I'll grind the fish/shrimp (or more commonly, ground beef) as gently as possible then stir clockwise (and clockwise only; you can go counterclockwise only, makes no difference just don't reverse direction). I use either a pair of large chopsticks held in my fist, or a sturdy small wooden spatula.

The paste will get increasingly "firm" over time.

The secret is the consistent unidirectional stirring.

In my experience, the egg white isn't necessary (it makes the paste goopier) and go light on the starch.
posted by porpoise at 10:41 AM on May 3, 2017 [2 favorites]

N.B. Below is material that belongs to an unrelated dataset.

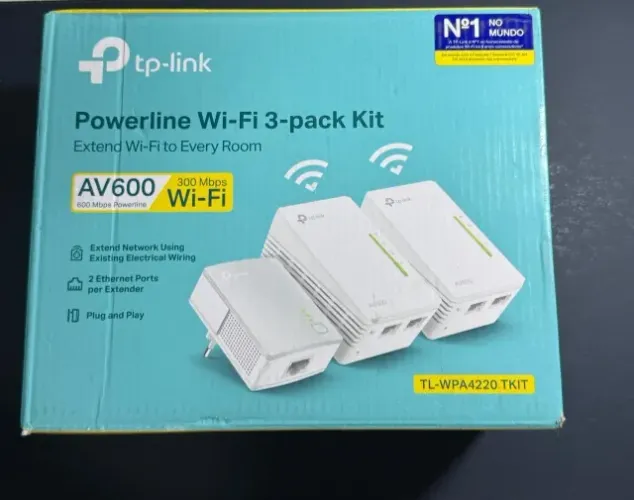 TP-Link Powerline Wi-Fi 3-pack Kit AV600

Best answer: What I learnt as a kid was to stir the ground fish with salt first, till it has a together texture, and only then add the other ingredients. If you asked my gran, only hand-chopping or a meat grinder would ever work for the grinding, but in my experience a food processor or immersion blender works just fine. It doesn't need to be a lot of salt, and you can do the stirring by hand or in a stand mixer, it's fast either way. Just don't add anything else before you have the right texture with just fish and salt. Has never failed for me even when I was young and inexperienced.
I checked some recipes and they all say to add the other ingredients slowly, but to be honest I don't really do that. The stirring with salt thing is what matters.
I don't know how to describe the desired texture. I'd suggest you just try to vigorously stir som salt into som chopped whatever meat for ten minutes and you will achieve consistency like a sticky dough or something. This base will keep all the elements from separating, which is what is happening when you get what you call sea slop.
posted by mumimor at 2:31 PM on May 3, 2017 [2 favorites]


mumimor, !! ha it feels like it's mostly Italians and italian inspired American cooking where meatballs are crumbly. A Danish postdoc invited the lab to a traditional meal and the meatballs she made were not crumbly. I asked, and yes, there was that stirring to get that "crunchy" mouthfeel. Less stirring, less "crunchy," but it was at least on the axis.

Oddly, upper/upper-middle class college kids in the midwest (arguably slumming it) were really pro-crumbly ground beef/meat and were totally disparaging of modifying it at all (my `meatballing`ground beef was seen as sacrilage. My massaging spices into a chunk of ground beef was "overhandling"). "Crunchy-est" meatballs (exemplified by the Vietnamese variety) were anathema. It was totally Weird.
posted by porpoise at 10:28 PM on May 4, 2017 [2 favorites]


Best answer: Haha porpoise - it's no more than a couple of days ago we tried to make American beef patties for the first time, with no stirring. I felt they were delicious as hamburgers in buns, but not nice on their own. The crumbly texture worked nicely with the condiments etc. in the hamburger serving, but they didn't have a nice mouthfeel on their own.

BUT, I forgot an important detail: the mixture needs to rest at least 20 minutes before cooking. You can make a really wet mix, and get nice and crunchy fishballs that are moist and meaty inside if it rests for a while.
posted by mumimor at 4:11 PM on May 5, 2017 [1 favorite]


On the extreme end of the spectrum, there's a phenomenon called a "sloppy joe" which is kind of like a hamburger but crumbly ground beef in a tomato sauce eaten between two buns.